# EXCERPTED DATA
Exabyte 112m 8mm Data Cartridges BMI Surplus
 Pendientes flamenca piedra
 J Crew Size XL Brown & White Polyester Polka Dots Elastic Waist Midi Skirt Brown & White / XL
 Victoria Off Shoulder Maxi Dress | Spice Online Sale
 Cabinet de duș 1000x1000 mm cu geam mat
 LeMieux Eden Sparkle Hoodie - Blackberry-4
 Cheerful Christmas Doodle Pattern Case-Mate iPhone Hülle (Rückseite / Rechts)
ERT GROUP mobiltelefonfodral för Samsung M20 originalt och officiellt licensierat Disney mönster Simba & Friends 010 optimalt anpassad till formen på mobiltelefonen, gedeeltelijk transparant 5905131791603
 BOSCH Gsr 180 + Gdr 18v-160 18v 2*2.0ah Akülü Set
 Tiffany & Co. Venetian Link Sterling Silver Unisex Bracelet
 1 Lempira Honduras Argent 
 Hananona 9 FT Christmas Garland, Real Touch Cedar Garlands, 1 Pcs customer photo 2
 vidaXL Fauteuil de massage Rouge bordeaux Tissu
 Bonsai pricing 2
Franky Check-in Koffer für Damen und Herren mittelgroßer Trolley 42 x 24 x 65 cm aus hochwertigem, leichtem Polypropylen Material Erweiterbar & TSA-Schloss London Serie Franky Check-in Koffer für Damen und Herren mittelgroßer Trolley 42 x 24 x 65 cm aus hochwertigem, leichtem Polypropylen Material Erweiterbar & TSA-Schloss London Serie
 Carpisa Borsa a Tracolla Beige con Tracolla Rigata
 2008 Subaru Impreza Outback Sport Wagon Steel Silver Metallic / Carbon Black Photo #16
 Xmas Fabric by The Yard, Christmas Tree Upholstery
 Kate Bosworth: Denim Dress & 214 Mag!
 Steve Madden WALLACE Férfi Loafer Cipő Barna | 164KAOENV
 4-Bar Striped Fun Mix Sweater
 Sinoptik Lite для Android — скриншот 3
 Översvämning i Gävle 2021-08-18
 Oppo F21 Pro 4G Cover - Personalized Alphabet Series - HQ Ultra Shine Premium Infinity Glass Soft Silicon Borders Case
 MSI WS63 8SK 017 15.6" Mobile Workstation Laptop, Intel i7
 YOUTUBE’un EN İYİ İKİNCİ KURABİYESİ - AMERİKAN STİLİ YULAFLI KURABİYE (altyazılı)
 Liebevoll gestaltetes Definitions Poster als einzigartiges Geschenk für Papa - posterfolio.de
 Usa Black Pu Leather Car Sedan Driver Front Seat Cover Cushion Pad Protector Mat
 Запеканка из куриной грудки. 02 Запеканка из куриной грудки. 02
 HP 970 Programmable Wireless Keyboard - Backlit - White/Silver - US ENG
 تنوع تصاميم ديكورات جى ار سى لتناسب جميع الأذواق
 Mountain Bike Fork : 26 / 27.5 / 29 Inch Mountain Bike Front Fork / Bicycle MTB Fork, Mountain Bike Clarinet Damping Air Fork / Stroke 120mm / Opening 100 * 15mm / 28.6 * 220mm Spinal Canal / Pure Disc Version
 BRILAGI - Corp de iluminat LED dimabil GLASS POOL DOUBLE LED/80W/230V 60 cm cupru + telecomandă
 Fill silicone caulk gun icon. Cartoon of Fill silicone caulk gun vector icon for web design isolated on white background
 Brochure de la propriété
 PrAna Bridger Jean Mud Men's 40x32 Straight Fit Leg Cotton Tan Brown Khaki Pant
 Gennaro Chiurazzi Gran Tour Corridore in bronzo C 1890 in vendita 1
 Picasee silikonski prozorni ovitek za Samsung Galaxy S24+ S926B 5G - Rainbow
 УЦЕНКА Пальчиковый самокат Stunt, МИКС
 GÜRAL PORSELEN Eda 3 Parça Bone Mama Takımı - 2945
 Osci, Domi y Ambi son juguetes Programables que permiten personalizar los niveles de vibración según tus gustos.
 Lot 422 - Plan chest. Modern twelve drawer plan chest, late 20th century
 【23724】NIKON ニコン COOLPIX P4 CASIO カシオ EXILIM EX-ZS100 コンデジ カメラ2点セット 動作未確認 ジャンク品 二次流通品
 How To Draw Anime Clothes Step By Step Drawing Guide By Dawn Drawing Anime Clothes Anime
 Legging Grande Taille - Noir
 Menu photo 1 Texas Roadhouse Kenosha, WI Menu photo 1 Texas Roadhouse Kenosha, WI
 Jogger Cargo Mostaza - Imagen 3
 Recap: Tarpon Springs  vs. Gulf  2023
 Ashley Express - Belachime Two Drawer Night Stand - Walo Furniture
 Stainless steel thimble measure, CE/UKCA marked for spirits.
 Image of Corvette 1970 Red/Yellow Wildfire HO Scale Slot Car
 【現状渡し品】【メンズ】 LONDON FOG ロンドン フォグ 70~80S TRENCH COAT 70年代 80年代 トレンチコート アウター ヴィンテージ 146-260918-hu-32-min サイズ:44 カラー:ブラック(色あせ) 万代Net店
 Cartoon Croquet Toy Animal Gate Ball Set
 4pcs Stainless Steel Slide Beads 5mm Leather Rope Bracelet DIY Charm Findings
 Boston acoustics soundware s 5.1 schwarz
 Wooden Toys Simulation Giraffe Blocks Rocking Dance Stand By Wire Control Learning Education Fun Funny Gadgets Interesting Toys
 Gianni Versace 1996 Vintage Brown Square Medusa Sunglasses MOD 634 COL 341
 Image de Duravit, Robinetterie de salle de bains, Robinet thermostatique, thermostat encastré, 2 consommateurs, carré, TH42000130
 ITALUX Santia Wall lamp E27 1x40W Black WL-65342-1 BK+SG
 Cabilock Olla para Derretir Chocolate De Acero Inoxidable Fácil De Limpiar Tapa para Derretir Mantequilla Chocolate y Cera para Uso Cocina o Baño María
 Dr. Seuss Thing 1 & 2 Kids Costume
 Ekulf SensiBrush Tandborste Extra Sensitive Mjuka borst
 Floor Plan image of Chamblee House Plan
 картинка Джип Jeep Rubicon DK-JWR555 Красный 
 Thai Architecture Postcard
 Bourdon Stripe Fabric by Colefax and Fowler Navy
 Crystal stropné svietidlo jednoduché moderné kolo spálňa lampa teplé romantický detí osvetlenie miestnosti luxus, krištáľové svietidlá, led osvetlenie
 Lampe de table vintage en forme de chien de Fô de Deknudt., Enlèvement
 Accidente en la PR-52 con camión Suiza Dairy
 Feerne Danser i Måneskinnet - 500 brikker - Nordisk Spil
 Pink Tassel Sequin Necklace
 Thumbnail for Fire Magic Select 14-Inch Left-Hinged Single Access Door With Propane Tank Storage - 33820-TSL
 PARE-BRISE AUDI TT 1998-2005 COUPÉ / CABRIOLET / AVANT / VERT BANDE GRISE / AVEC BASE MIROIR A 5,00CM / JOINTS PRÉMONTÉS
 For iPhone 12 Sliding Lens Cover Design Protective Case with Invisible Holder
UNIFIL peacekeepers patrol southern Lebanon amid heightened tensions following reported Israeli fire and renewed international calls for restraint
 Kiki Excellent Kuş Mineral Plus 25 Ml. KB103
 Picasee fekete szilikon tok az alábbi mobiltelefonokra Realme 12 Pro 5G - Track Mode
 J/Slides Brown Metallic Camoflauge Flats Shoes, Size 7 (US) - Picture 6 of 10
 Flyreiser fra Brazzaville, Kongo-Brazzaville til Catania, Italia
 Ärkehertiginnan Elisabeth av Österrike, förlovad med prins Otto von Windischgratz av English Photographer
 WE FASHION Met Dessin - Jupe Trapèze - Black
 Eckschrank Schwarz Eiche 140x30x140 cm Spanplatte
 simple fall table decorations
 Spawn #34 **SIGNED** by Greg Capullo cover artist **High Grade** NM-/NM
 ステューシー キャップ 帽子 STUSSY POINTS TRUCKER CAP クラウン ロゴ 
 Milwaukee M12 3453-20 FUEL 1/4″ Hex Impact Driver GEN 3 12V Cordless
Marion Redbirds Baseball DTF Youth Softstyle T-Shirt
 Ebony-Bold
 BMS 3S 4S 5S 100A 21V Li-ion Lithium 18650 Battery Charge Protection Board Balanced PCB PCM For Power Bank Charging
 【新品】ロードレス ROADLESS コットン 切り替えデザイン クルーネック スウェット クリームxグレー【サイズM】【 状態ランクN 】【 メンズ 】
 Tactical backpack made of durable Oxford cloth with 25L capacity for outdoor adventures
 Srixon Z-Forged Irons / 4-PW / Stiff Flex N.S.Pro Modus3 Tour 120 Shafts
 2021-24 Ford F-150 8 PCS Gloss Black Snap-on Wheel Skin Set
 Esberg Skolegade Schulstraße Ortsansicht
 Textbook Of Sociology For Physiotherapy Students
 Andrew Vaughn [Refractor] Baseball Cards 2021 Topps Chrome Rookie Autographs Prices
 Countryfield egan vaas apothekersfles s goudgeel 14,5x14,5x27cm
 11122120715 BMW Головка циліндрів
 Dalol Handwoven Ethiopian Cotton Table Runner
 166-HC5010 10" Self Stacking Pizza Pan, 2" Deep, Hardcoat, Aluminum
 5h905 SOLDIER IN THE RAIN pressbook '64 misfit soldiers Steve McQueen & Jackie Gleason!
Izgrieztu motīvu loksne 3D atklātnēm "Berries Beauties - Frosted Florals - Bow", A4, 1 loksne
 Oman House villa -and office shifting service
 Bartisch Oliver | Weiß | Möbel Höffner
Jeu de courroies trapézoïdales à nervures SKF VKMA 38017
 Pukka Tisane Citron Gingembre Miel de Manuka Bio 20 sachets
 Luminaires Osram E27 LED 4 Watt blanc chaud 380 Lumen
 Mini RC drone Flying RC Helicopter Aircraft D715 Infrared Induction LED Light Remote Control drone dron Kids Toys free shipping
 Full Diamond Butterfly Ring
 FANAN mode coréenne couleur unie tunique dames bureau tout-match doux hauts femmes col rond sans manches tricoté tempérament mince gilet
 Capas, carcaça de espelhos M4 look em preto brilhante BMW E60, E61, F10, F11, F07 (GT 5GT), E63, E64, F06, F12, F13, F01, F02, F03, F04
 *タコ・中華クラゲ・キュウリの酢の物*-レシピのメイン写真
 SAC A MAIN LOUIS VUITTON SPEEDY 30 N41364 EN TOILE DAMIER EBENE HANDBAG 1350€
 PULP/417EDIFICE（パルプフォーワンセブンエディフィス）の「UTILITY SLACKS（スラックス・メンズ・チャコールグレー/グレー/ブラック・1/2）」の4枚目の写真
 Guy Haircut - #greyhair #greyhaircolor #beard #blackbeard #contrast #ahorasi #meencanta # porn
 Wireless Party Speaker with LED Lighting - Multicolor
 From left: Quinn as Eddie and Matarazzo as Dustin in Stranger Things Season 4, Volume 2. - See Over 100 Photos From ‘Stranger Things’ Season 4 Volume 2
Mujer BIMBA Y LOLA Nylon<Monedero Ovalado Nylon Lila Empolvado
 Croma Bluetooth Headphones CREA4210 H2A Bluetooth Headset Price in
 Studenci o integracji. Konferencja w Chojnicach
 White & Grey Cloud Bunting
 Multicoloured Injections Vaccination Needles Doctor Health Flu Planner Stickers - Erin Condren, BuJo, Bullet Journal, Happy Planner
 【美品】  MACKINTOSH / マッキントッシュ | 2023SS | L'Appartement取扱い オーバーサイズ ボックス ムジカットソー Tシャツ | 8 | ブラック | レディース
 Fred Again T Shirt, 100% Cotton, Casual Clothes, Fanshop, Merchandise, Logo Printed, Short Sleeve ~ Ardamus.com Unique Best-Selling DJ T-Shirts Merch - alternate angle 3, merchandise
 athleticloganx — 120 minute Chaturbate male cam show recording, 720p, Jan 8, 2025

# TASK DIRECTIONS
Output, from the data above, the lines from the line with "LeMieux Eden Sparkle Hoodie - Blackberry-4" to the line with "BOSCH Gsr 180" exactly as they stand, both ends included and nothing else.

# ANSWER BOX
 LeMieux Eden Sparkle Hoodie - Blackberry-4
 Cheerful Christmas Doodle Pattern Case-Mate iPhone Hülle (Rückseite / Rechts)
ERT GROUP mobiltelefonfodral för Samsung M20 originalt och officiellt licensierat Disney mönster Simba & Friends 010 optimalt anpassad till formen på mobiltelefonen, gedeeltelijk transparant 5905131791603
 BOSCH Gsr 180 + Gdr 18v-160 18v 2*2.0ah Akülü Set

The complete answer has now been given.